Un estudio que estudiase una caso parecido pero sobre entrenamientos del 80% sería prácticamente inútil, ya que no se tendría un modelo intuitivo de cómo evoluciona la fatiga según aumenta la intensidad del entrenamiento. Tanto estos estudios como la experimentación en laboratorio (ya sea para medicina, electrónica, ingeniería, etc.) se hace sobre “la peor situación” posible, para tener un marco de actuación sobre el caso más extremo. Además, para disciplinas deportivas siempre se trabajan con intensidades cercanas al 100% sea cual sea la especialidad estudiada.
Un saludo
Precisamente la separación de la musculación del powerlifting y la halterofilia es la que ha destrozado el entrenamiento en España. También hay levantadores de halterofilia amateurs y powerlifters amateurs, no todos somos competidores competidores profesionales ni mucho menos mantenemos niveles de entrenamiento olímpicos. La halterofilia y el powerlifing usan los mismos movimientos, bueno, más bien el culturismo y la musculación usan los mismos movimientos que la halterofilia y el powerlifting, todo lo aprendido en estas disciplinas es aplicable al mundo de la musculación, amateur o no.

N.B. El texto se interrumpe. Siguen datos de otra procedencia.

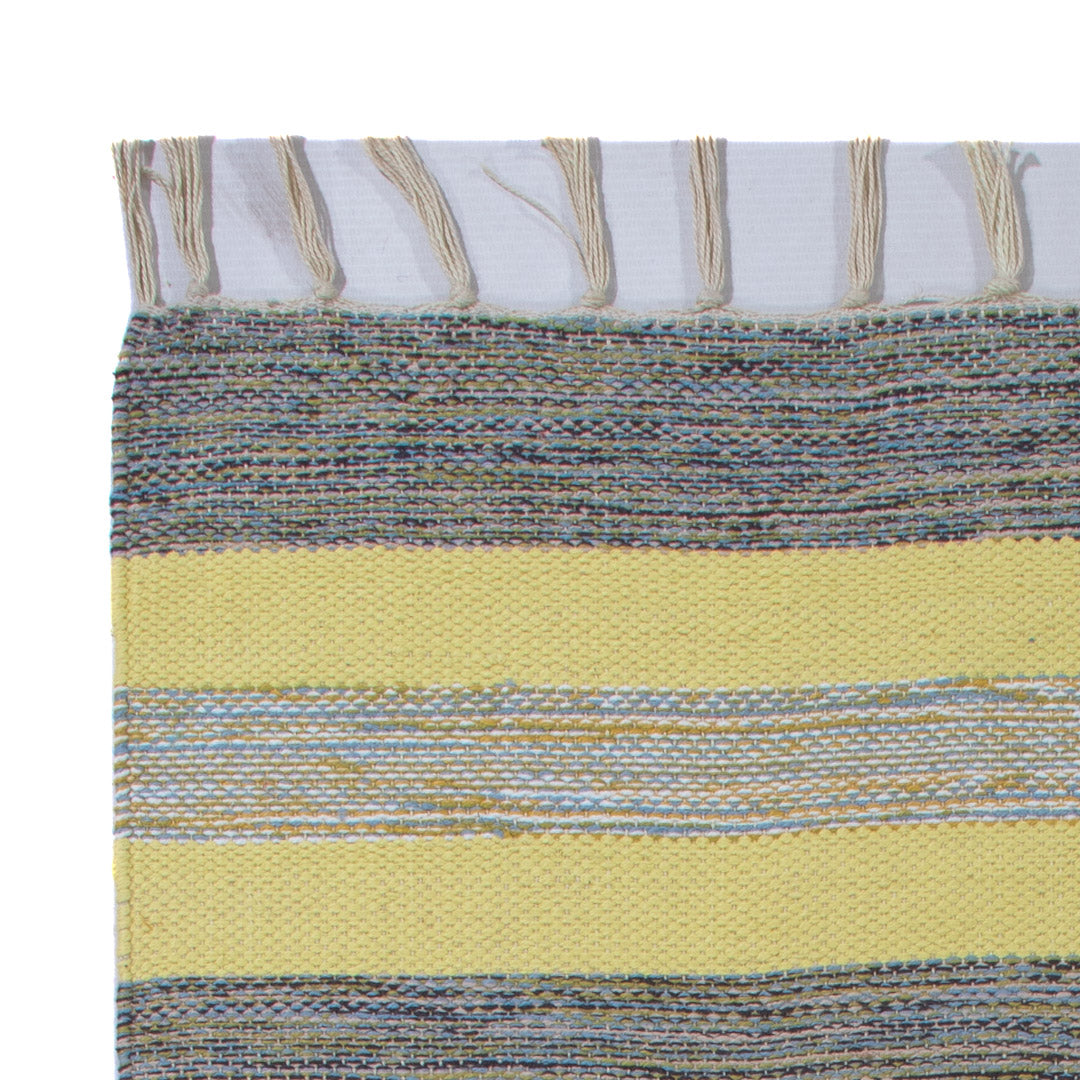 Kilim moderno Tapete 90x60cm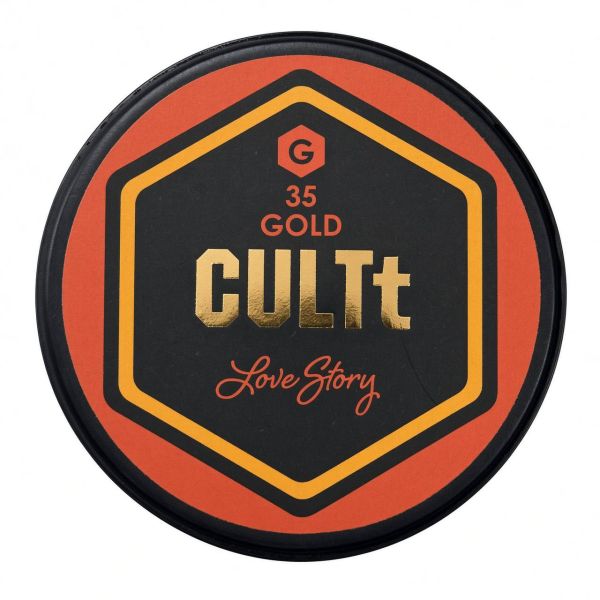 Тютюн для кальяну CULT Love Story 100г
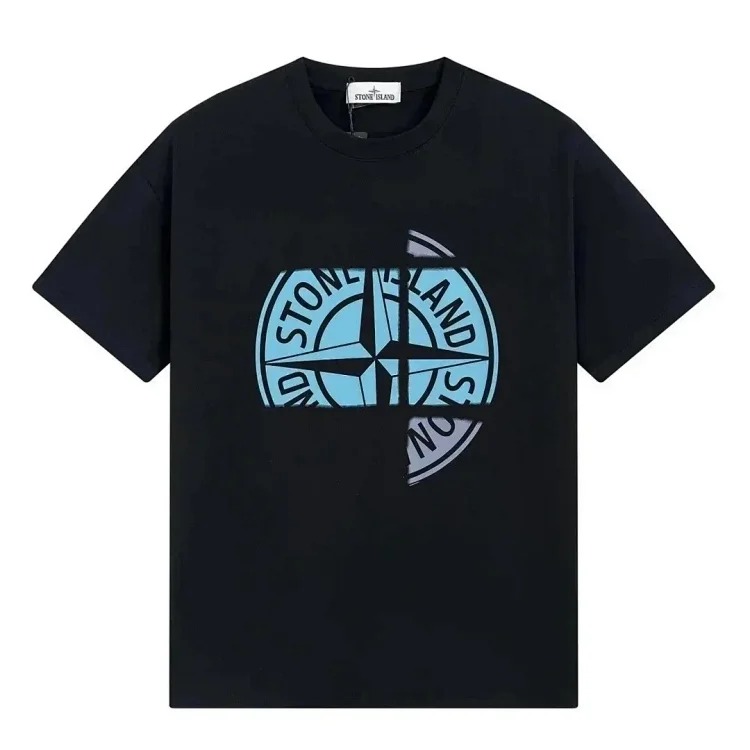 Summer Fashionable Casual Short Sleeves 100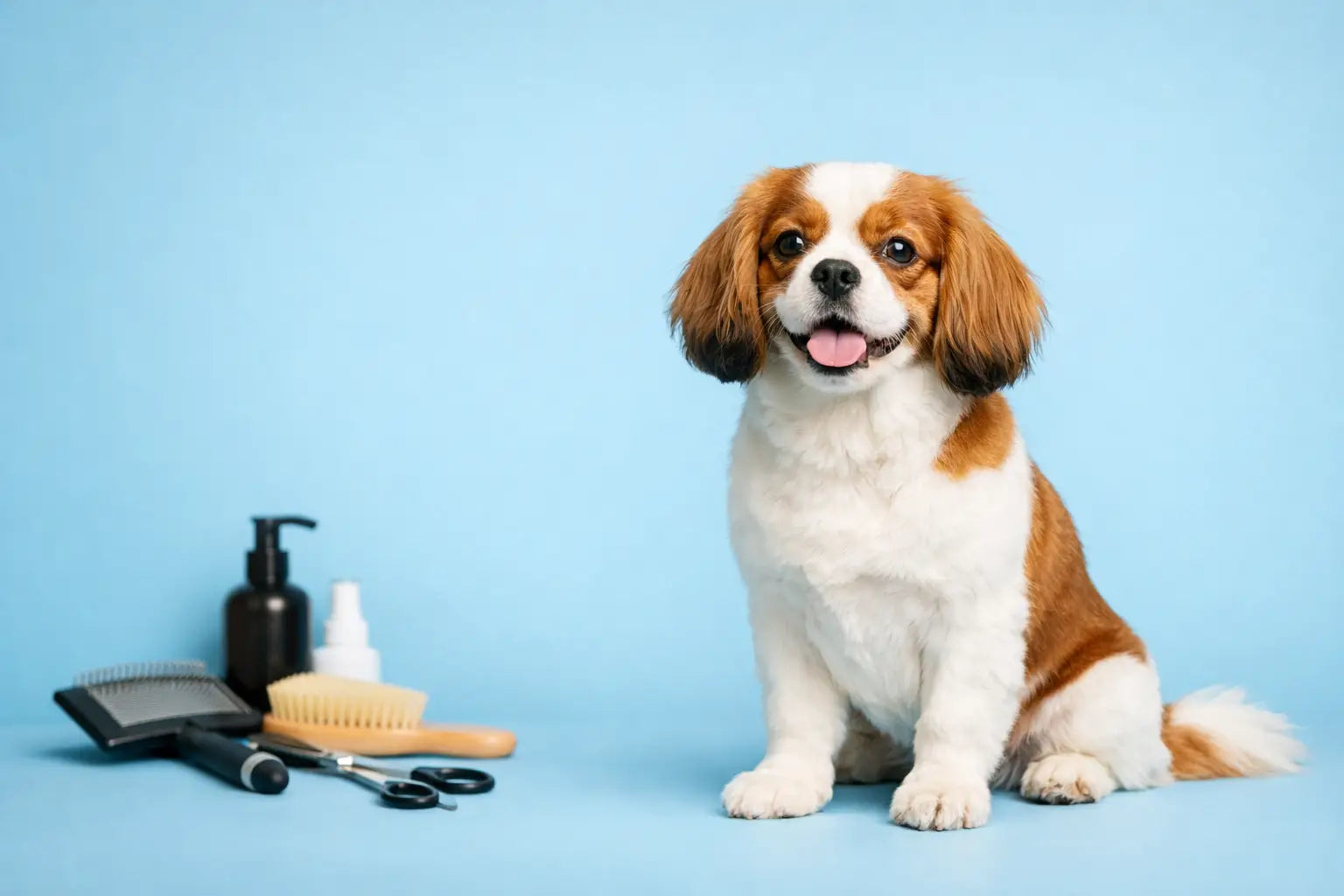 A Guide to Dog Grooming Routines That Work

El cuerpo responde igual porque es un estímulo igual: entrenamiento de resistencia con cargas adicionales (o entrenamiento de fuerza). Cuanto más se separe la musculación de este hecho más perjudicada saldrá la persona. Este hecho se puede ver perfectamente comparando los gimnasios universitarios españoles con los americanos: aquí nos hemos empeñado en separar la musculación de otras disciplinas y tenemos una tasa de consumo de esteroides en menores mayor que en EE.UU, además de no producir atletas a nivel universitario. En EE.UU se entrena bajo los principios de la halterofilia (aun practicando la musculación) y los equipos universitarios siempre tienen atletas de alto nivel disponibles.
También podemos comparar modelos fitness americanos con españoles u otros europeos. Aun habiendo la misma cantidad de esteroides por medio, los americanos consiguen cuerpos más espectaculares y grandes por aplicar los principios de periodización de powerlifting (como el método conjugado).
Como nota adicional, decirte que los descansos entre series son de 1 a 2 minutos para no perder la activación neural, y de 5 minutos entre diferentes ejercicios, por ejemplo al pasar de entrenar la arrancada al jerk.